Machine Learning  

 

 

 

 

Alexnet

 

 

Alexnet is a monumental neural network that was first proven that CNN (Convolutional Neural Network) performs better than any other types of neural network in terms of image classification. You may think of this as the ancestor of most of CNN based neural network that you see now a days. So it would be important and worth having detailed understanding on this neural network.

 

 

 

Highlights of Architecture

 

  • Number of Parameters : 60 Million
  • Number of Neurons : 650,000
  • Number of Convolutional Layer : 5 Convolutional Layers + Max Pooling layers
    • Fiirst Layer : 224 x 224 x 3 image input, 96 kernels of size 11 x 11 x 3 with stride of 4
    • Second Layer : 256 kernels of size 5 x 5 x 48
    • Third Layer : 384 kernels of size 3 x 3 x 256
    • Forth Layer : 384 kernels of size 3 x 3 x 192
    • Fifth Layer : 256 kernels of size 3 x 3 x 192
  • Number of Fully Connected Network : 3.
    • 4096 neurons for each.
    • Final layer with 1000 way softmax
  • Use of Non-saturating Neuron (ReLU) 
  • Use of Dropout
  • Input Size : 256x256.

 

 

 

Why ReLU ?

 

Why ReLU(a Non-Saturating  Function) than tanh(a saturating function) ? it is because it is observed that ReLU learns several times faster than hanh (shown in Figure 1 of Ref [1]).

ReLU does not require input normalization to prevent them from saturating.

 

 

 

Why use of Dropout ?

 

It is to reduce overfitting in the fully-connected layers.

 

 

 

How to process the training image to fit into input dimension ?

 

The training image is not all same as as this. So the authors rescale the image in such a way that the shorter side is of length 256 and then cropped out the central 256x256 patch from the rescaled image. They trained the network on the raw RGB values of the pixel.

 

 

 

Why CNN rather than standard feedforward Network ?

 

Theoretically the standard feedforward network can solve any types of classification problem if the enough number of neurons are provided, but in practice we don't know exactly what is the enough number for our application.. and we don't know 'enough number' can be trained by the reasonable/practical computing power.

 

The paper (Ref [1]) says as follows :

    Compared to standard feedforward neural networks with similarly-sized layers, CNNs have much fewer connections and parameters and so they are easier to train, while their theoretically-best performance is likely to be only slightly worse.

 

 

 

Fighting against Overfitting

 

As you may know, one of the ever occuring problem in most of neural network based Machine Learning is to overfitting issue. According to the paper (Ref [1]), there are a few common technique are used to tackle the issue of overfitting as summarized below.
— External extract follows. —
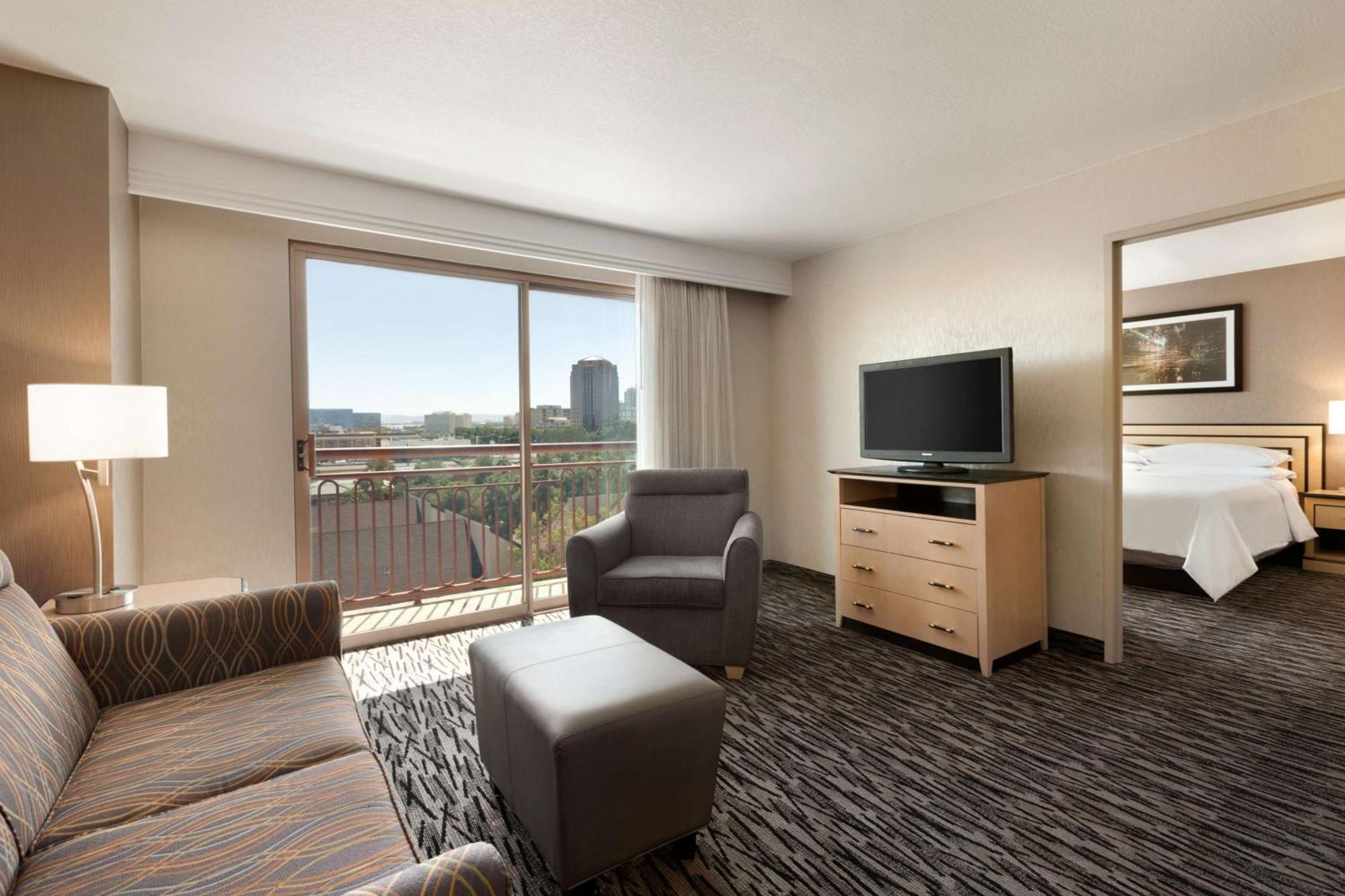 Embassy Suites By Hilton Convention Center Лас-Вегас Экстерьер фото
    Data Augmentation : This is to transform images in such a way that it become slightly different from the image but not much different to fall out of the category it is labeled. And add those transformed data to the set of training data. It means that the number of training data set gets larger than the original training set.  This paper (Ref [1]) uses two types of Data Augmentation as follows.

    • Generating image translation and horizontal reflection. They do this by extracting random 224 x 224 patches from the 256 x 256 original images and use those exctracted image as training data
    • Altering the intensities of the RGB Channels in training image. For this, the authors performed PCA on the set of RGB pixel values throughout the training set and added multiples of the found principal components with magnitudes proportional to [the corresponding eigen values x a random Gaussian variable N(0,0.1)]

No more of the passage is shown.